I've Incorporated this wish, to have more Hulkies around more often, into Phase 2 of Hulk's, via a "live-in club" option and a team bedroom that will be made available for our Hulkies and visiting boxers.
My life revolves around two main things: Hulk's and my training. They are both the best thing and hardest thing to digest because they are so interwoven into all other aspects of my life
I take both Hulk's and my training very seriously and very personally. Hulk's occupies my business life as much as it does my personal life and today by business life got way too personal when a neighbouring store owner ticked me off. I had tried to play it calm, cool and collective, but this particular store owner and I have had several sour run-ins before, some of which I should note included me sticking up for her daughter whom at the time I had been training.
This was my Facebook status update that I posted early this afternoon:
Pardon my French but I take a TON of shit for being a business owner in Korea who is
1. a female
2. a foreigner
3. young
...especially because I'm in a sport that's been labelled "not female-appropriate" or considered a "real career path". Today the neighbouring shop owner thought it OK to so rudely dispose of their ugly couch and bags of garbage on my front entrance so I thought it OK to pick up the couch and return it to their store, along with the trash.
—feeling like this is why people shoot each other.
I don't like this store owner. I don't like her at all.

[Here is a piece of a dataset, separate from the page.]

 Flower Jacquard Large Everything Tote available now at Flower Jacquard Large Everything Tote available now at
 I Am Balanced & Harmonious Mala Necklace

And the fact that she and I are both females and both business owners, I suppose I had assumed we could kind of relate to each other and be more supportive. No such luck. I feel embarrassed that she is a she; I never want to be the kind of female business owner that she is and I most definitely don't want to ever become that poor mentor she's proven herself to be to her younger daughter. I don't know how someone who has been so rude to me on such a continual bases can have such an incredibly sweet daughter. Her husband must be an incredible man, making up in sweetness for her sourness. It's been almost a year after I stopped training her daughter but her daughter still text messages me and occasionally asks me for food because her mother thinks the way to get her daughter to lose weight is to just not feed her properly. This drives me bonkers.
She parks in front of our no parking sign and often parks right in front of our stairs, thus blocking them. She occasionally throws her trash bags in front of our steps, greets Snickers but not me when we walk by, and she's laughed at me on numerous occasions when I've returned from running and am drowning in my own sweat. To tell you the truth, I could really care less what I look like after a workout and, if anything, I do take pride in just how down and dirty sweaty I get. For awhile there last summer she stopped walking out of her shop to laugh at me when I most randomly decided to whip off my tank top and wipe my face with it when her husband was there. "Your husband doesn't think my body looks funny!" I told her in Korean.
Tonight when I closed the club, that dang ugly couch was still outside. She and her annoying friend and the neighbouring shop had dragged it outside and down the street a bit. I knew she wasn't going to remove that couch like she had told not only me but also Snickers and K-Gere -- all three of us had approached her personally about it. Her SUV was once again parked in front of our club and I seriously pondered if I could heave that ugly couch high enough above my head to put it on her roof. Instead, I dragged that couch back to her store and propped it up against her store door. I'm fully expecting her to watch her CCTV camera tape tomorrow to see how it got there and I am most definitely expecting her to stomp into Hulk's and tell me off. Hope she's expecting to deal with Snickers too though because he is beyond dealing with her nonsense.